Schoier, et al., An atomic and molecular database for analysis of submillimetre line observations. A&A, November 4 2004.

Examples

>>> from sbpy.activity import NonLTE
>>> from sbpy.data import Phys
>>> import astropy.units as u
>>> transition_freq = (177.196 * u.GHz).to(u.MHz)
>>> mol_tag =  29002
>>> cdensity_guess = (1.89*10.**(14) / (u.cm * u.cm))

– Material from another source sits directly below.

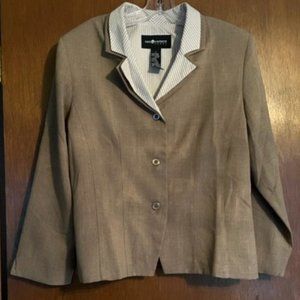 Vintage Sag Harbor brown pant suit, size 14.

>>> temp_estimate = 20. * u.K
>>> mol_data = Phys.from_jplspec(temp_estimate, transition_freq,
...                              mol_tag)  # doctest: +REMOTE_DATA
>>> mol_data.apply([cdensity_guess.value] * cdensity_guess.unit,
...                 name= 'cdensity')  # doctest: +REMOTE_DATA
>>> mol_data.apply(['HCO+@xpol'],
...                 name='lamda_name')  # doctest: +REMOTE_DATA
>>> nonLTE = NonLTE()
>>> try:  # doctest: +SKIP
...     cdensity = nonLTE.from_pyradex(1.234 * u.K * u.km / u.s,
...                                    mol_data, iter=600,
...                                    collider_density={'H2': 900})  # doctest: +REMOTE_DATA
...     print(cdensity)  # doctest: +REMOTE_DATA
... except ImportError:
...     pass
Closest Integrated Flux:[1.24925956] K km / s
Given Integrated Flux: 1.234 K km / s
[1.06363773e+14] 1 / cm2